2016年4月11日月曜日

ドラゴン宇宙船、宇宙住宅開発

アメリカは宇宙開発を国家事業から民間事業へと移行すべく取り組んできました。その企業体がスペースX社です。そしてこの企業が開発した宇宙住空間モジュール「BEAM」が、このたび国際宇宙ステーションに向けて打ち上げられました。

我が国も、JAXAという国立研究開発法人と、三菱重工業という民間企業に重心を移しておりますが、まだ国家プロジェクトとしての性質を持っております。
完全民営化か、それとも半官半民のような特殊法人の方が良いのか、意見の分かれるところですが、アメリカは営利を目的とした宇宙開発に向けて、スペースX社が頑張って居るわけです。NASAの支援は受けているそうですが。

さて、このたびスペースX社は打ち上げに使ったファルコン9ロケットの1段目の機体を、2段以降のモジュールと切り離した後、大西洋上の無人船の上に着陸させることに成功させました。
つまり、複数回使用することを狙った1段目の回収であり、この後の再使用に掛かるコストが使い捨てよりも安くなれば今後の打ち上げコストが国際競争の中で優位に立つことが考えられます。
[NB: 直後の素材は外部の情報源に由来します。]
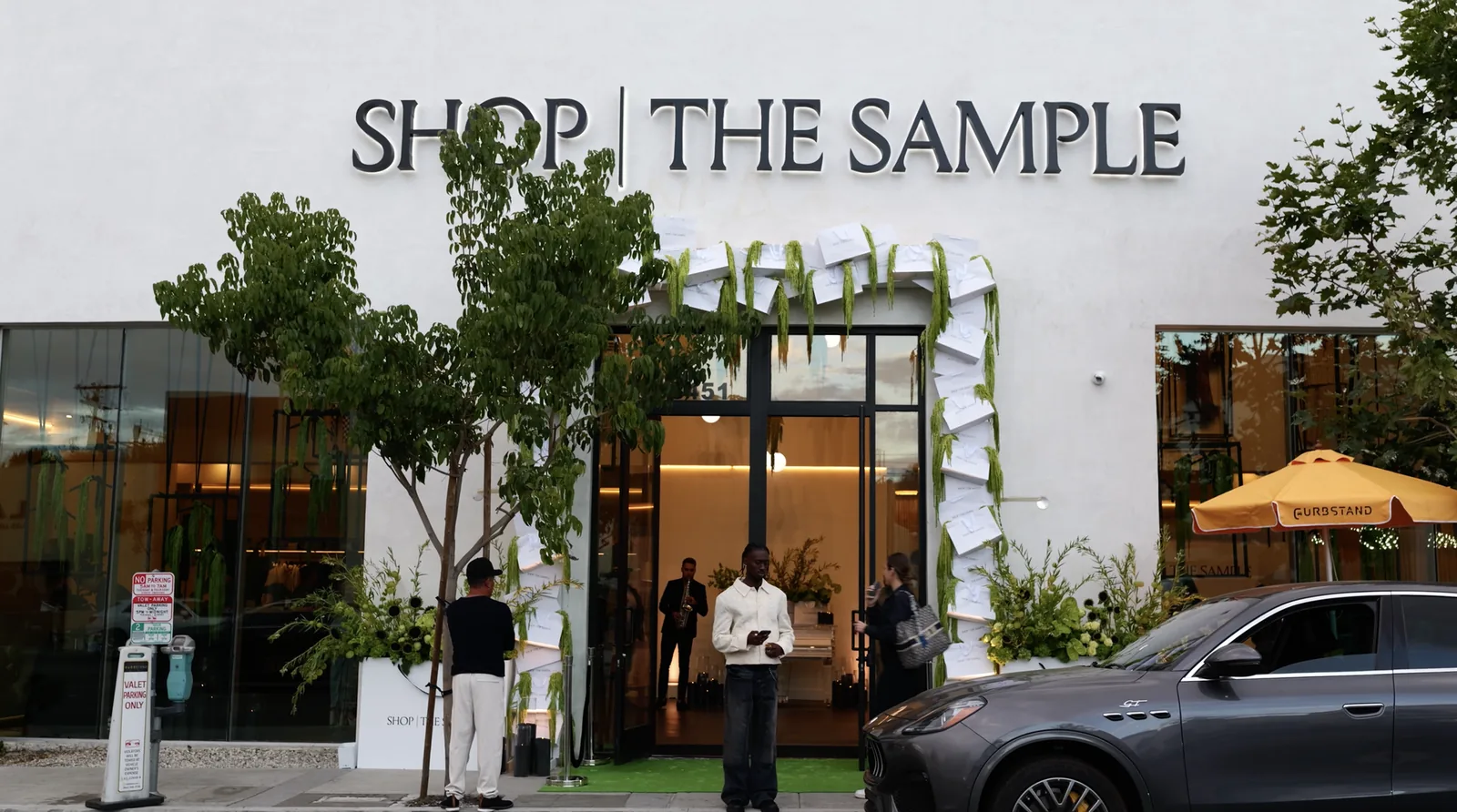 Kinetic retail experience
これまで、この軟着陸によるロケット回収は何度も失敗を重ねておりました。
http://www.nicovideo.jp/watch/sm26038214

今回の打ち上げでは、完璧に成功させました。スペースX社の技術は三菱をはるかに凌いだようですね。
https://www.youtube.com/watch?v=rEKSevYoDgM

三菱重工も、H-2A/Bロケットの成功神話はもう卒業して、1段目回収と再使用の技術向上を狙って欲しいですね。今回のファルコン再使用型で、再び日本のロケット打ち上げ技術はアメリカに大きく差を付けられました。
打ち上げ時の噴射炎を見ても、H2Aの噴煙の煙のような軌跡は出ておりません。燃料も改良されていることが伺えますね。
回収の着地も見事です。無人船のプラットフォームのど真ん中に安定して降りてきています。

この映像を見る限り、アメリカのロケット制御のソフト技術が完全に日本を打ち負かした感じがしませんか?
日本は打ち上げは得意でしたが、地球帰還技術は全く出来ておりませんから。
この回収ロケットがコスト面でどのくらい優位になるかはまだ判りません。逆噴射燃料のコストとか各部の劣化が気になるところです。しかし、要となるのはロケット制御のソフトウエアの部分だと思います。そしてソフトウエアは劣化しませんし、発展していくだけですから決定的な優位性を持つはずです。
三菱の、使い捨て型の高価なロケットがもはや時代遅れになりつつあることは、この映像から見て取れますね。

また、このたびスペースX社が打ち上げた住空間モジュール「BEAM」は、宇宙船に搭載時は3・6立方メートル程度しかありませんが、それを宇宙ステーションに取り付けると4倍以上の16立方メートルに膨らむそうです。
そしてその素材は、ポリマー繊維などの複合材らしいとのことですが、明らかにされてはおりません。当たり前ですけど・・・

このBEAMは、スペースX社ではなく別の企業であるビゲローエアロスペース社が開発したものだそうです。今後2年間ほど宇宙飛行士が中に入るなどして活動し、宇宙からの放射線を遮蔽できるか、宇宙ごみ(デブリ)に衝突しても壊れないか・・などを試験するとのことです。

BEAMに使われるポリマー複合素材は、これから宇宙空間で空気で遮断されていない太陽光に直にさらされ、そして弾丸よりも早く破壊力が強いデブリにも晒され、それでも安全に住空間を維持できる素材を実験することにもなるわけです。

そしてこのようなポリマー複合材は、当然地球型の住宅にも今後取り入れられていくでしょう。つまり、今後建築設計のあり方も変わって行くと言うことを予感させるわけです。

そうなれば、地球環境での災害に対する対策、その建設のあり方も変わるでしょう。我が国が国土強靭化として津波防護壁や耐震構造の住宅などと過去の技術で考えていても、このような素材が開発されれば瞬時にしてその考え方が根底から変わってしまう可能性もあるわけです。

建築デザインも変わって行くでしょう。複合ポリマー外壁材が出来れば、建築フォルムの自由度も上がるはずですから。鉄骨とコンクリートの建築では実現できなかったさまざまな形式が登場することが期待出来ます。

このスペースX社の今回の打ち上げを見て、再びあのアメリカが戻ってきたように感じました。
粗野で、力まかせに夢を実現していくアメリカ人の底力です。最初は冷たい視線で見られ、狂人あつかいされるような事業ても、それを支えるアメリカの風土があるように思います。

スペースX社の宇宙船がドラゴンと命名されたのも、ピーターポール&マリーが歌った「Puff the Magic Dragon」という子供の夢のような歌から取られたと聞きます。
まるで鉄腕アトムの逆噴射のように、見事に無人船プラットフォームのど真ん中に着地するロケットは、まさに夢が実現した瞬間でもあったようです。

我が日本が決して真似が出来ないアメリカの夢の開発。しかしその夢をアメリカによって現実に見せられた時、燃えるのが我が日本のような気がします。
ライト兄弟がアメリカの空を飛んでから、やがて日本がゼロ戦を作り大東亜の空を席巻しました。それで奮起したアメリカはターボプロップを完成させゼロ戦を過去へ追いやったのです。